At Beyond, we believe that by encouraging women to work in technology, we can help to close the distance between the 26 percent and 74 percent. In November, Beyond partnered with Girl Develop It, a nonprofit organization “that provides affordable programs for adult women interested in learning web and software development in a judgment-free environment.” Girl Develop It’s vision is “to create a network of empowered women who feel confident in their abilities to code and build beautiful web and mobile applications. By teaching women around the world from diverse backgrounds to learn software development, we can help women improve their careers and confidence in their everyday lives.“
As a partner with Girl Develop It, Beyond gathered together a group of five panelists in non-development roles to discuss topics like: how the women came to work in tech, what are their day to day activities, and what they enjoy about agency life. People and Culture Coordinator Kimberly Vivas, Copywriter Julia Weiss, UX Architect Elizabeth Gorn, Experience Strategist Eva Bandurowski, and Client Strategist Zoe Liu, answered questions from panel moderator, Director of Brand and Product Strategy Sara Green, about the challenges they have overcome in their career paths and solutions to these challenges. The panelists then broke into groups, allowing the attendees to rotate around the room so that they might learn more about their individual subject matter areas.

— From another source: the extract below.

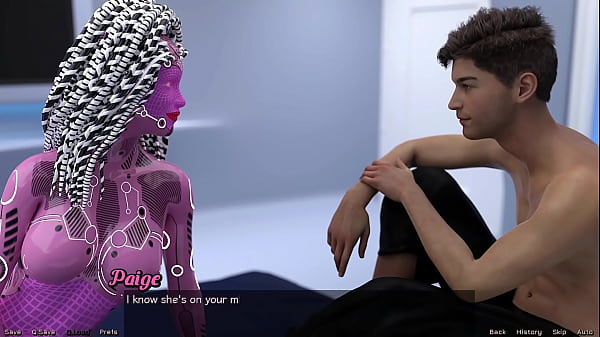 Stranded in space #104 recap with hot ai girl 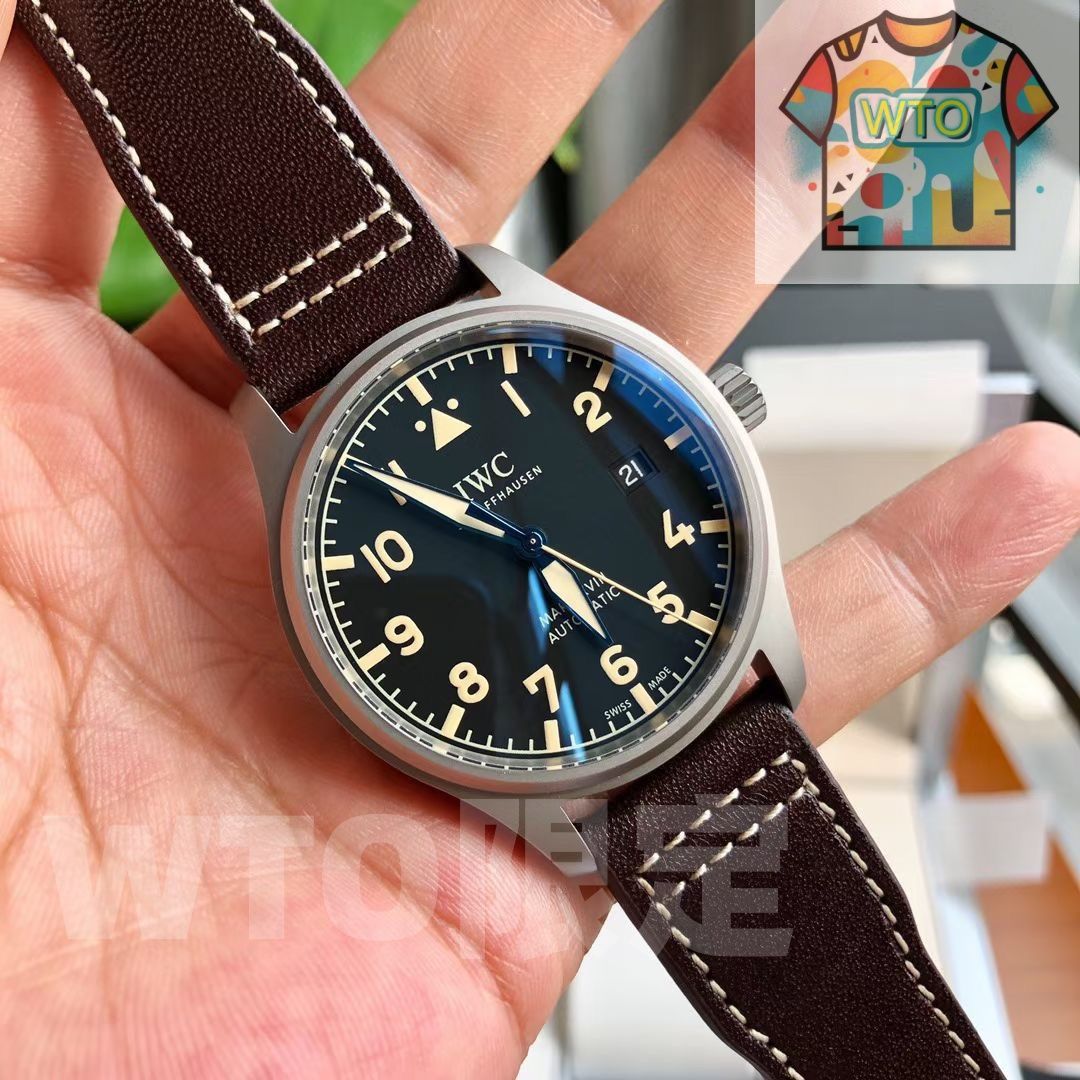 WTO通販 IWC インターナショナル ウォッチ カンパニー マーク 18 シリーズ レトロスタイルを備える-WTO輸入-EXJ93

Overall, approximately 50 Girl Develop It members attended the “Day in the Life Panel: Non-Engineering Roles in Tech” event with Beyond.
While many of Girl Develop It’s classes focus on how to build development skills, the “Day in the Life Panel: Non-Engineering Roles in Tech” focused on roles outside of engineering which women might opt to apply for within the field of tech. Beyond also focused on broader issues like how to transition from one industry to another and how to network within tech.
As Arabella Hibbert-Corkill, Client Strategist, stated:
“A number of attendees are keen to transition to roles within the tech industry but aren’t sure how to go about doing so. From finance to advertising, attendees from a multitude of industries bring transferable skills which would be an asset in any client-facing role. They are keen to not just get a better understanding of the type of non-technical roles available to them, but what their next steps should be in their pursuit.”
Kimberly Vivas also spoke about the ability to transition into a different role:
“One of the topics that struck me the most was around enjoying both where you work and what you do. There were many intelligent and highly qualified women who felt stuck in their roles or were enduring terrible work situations because they were too afraid to speak up. There’s this constant fear that your opinion will be shot down, you’ll be reprimanded, or worse — fired. As a young woman of color, it’s taken me a long time to realize that my ideas have equal value to my male colleagues and bring a very different and fresh perspective to the table. I hope everyone left there knowing that there is absolutely nothing wrong with demanding the respect you deserve.”
Giving encouragement to women who are unsure of their skillset, and providing resources and support, was important to all organizers of the event.
Even though the gender gap in technology is large, it is not insurmountable. At an any point, we can support one another and work together to help give confidence where confidence is needed. Ultimately, when every member of society feels empowered to contribute their knowledge and skills, we all benefit. Equality and fairness leads to increased innovation, growth, and productivity, and even the smallest encouragement can have a big impact. This mission is important to Beyond, and will be one we continue to promote.